Spark with Cassandra python setup

Question:

I am trying to use spark to do some simple computations on Cassandra tables, but I am quite lost.

I am trying to follow: https://github.com/datastax/spark-cassandra-connector/blob/master/doc/15_python.md

So I’m running the PySpark shell: with

./bin/pyspark 
  --packages com.datastax.spark:spark-cassandra-connector_2.11:2.0.0-M3

But I am not sure how to set things up from here. How do I let Spark know where my Cassandra cluster is? I’ve seen that CassandraSQLContext can be used for this, but I also read that this is deprecated.

I have read this: How to connect spark with cassandra using spark-cassandra-connector?

But if I use

import com.datastax.spark.connector._

Python says that it can’t find the module.
Can someone maybe point me in the right direction on how to set things up properly?

Asked By: SilverTear

||

Answers:

Cassandra connector doesn’t provide any Python modules. All functionality is provided with Data Source API and as long as required jars are present, everything should work out of the box.

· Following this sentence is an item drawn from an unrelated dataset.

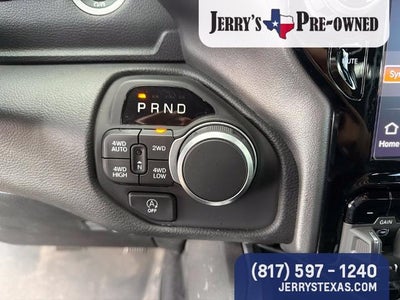 2025 RAM 1500 Big Horn/Lone Star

How do I let Spark know where my Cassandra cluster is?

Use spark.cassandra.connection.host property. You can for exampel pass it as an argument for spark-submit / pyspark:

pyspark ... --conf spark.cassandra.connection.host=x.y.z.v

or set in your configuration:

(SparkSession.builder
    .config("cassandra.connection.host", "x.y.z.v"))

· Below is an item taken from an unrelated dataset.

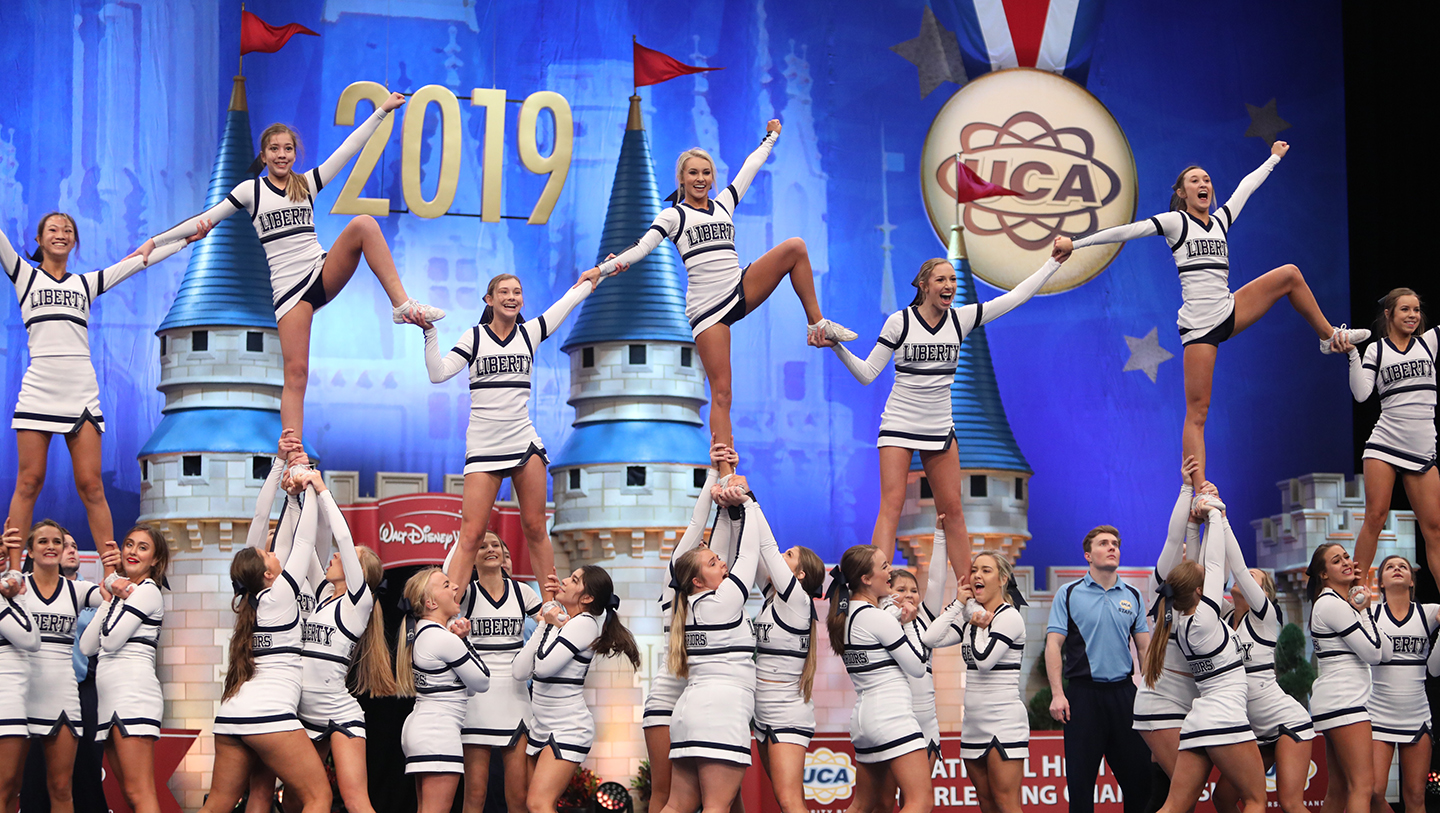 High School Cheer Nationals Universal Cheerleaders Association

Configuration like table name or keyspace can be set directly on reader:

(spark.read
    .format("org.apache.spark.sql.cassandra")
    .options(table="kv", keyspace="test", cluster="cluster")
    .load())

So you can follows Dataframes documentation.

As a side note

import com.datastax.spark.connector._

is a Scala syntax and is accepted in Python only accidentally.

Answered By: zero323
  1. Copy pyspark-cassandra connector spark-folder/jars.
  2. Below code will connect to cassandra.

    from pyspark import SparkContext, SparkConf
    from pyspark.sql import SQLContext, SparkSession
    
    spark = SparkSession.builder 
      .appName('SparkCassandraApp') 
      .config('spark.cassandra.connection.host', 'localhost') 
      .config('spark.cassandra.connection.port', '9042') 
      .config('spark.cassandra.output.consistency.level','ONE') 
      .master('local[2]') 
      .getOrCreate()
    
    sqlContext = SQLContext(spark)
    ds = sqlContext 
      .read 
      .format('org.apache.spark.sql.cassandra') 
      .options(table='emp', keyspace='demo') 
      .load()
    
    ds.show(10) 
    
Answered By: AkshayK

With username and password:

spark = SparkSession.builder 
  .appName('SparkCassandraApp') 
  .config('spark.cassandra.connection.host', 'localhost') 
  .config('spark.cassandra.connection.port', '9042') 
  .config("spark.cassandra.auth.username","cassandrauser")
  .config("spark.cassandra.auth.password","cassandrapwd")
  .master('local[2]') 
  .getOrCreate()

df = spark.read.format("org.apache.spark.sql.cassandra")
   .options(table="tablename", keyspace="keyspacename").load()

df.show()
Answered By: pkwied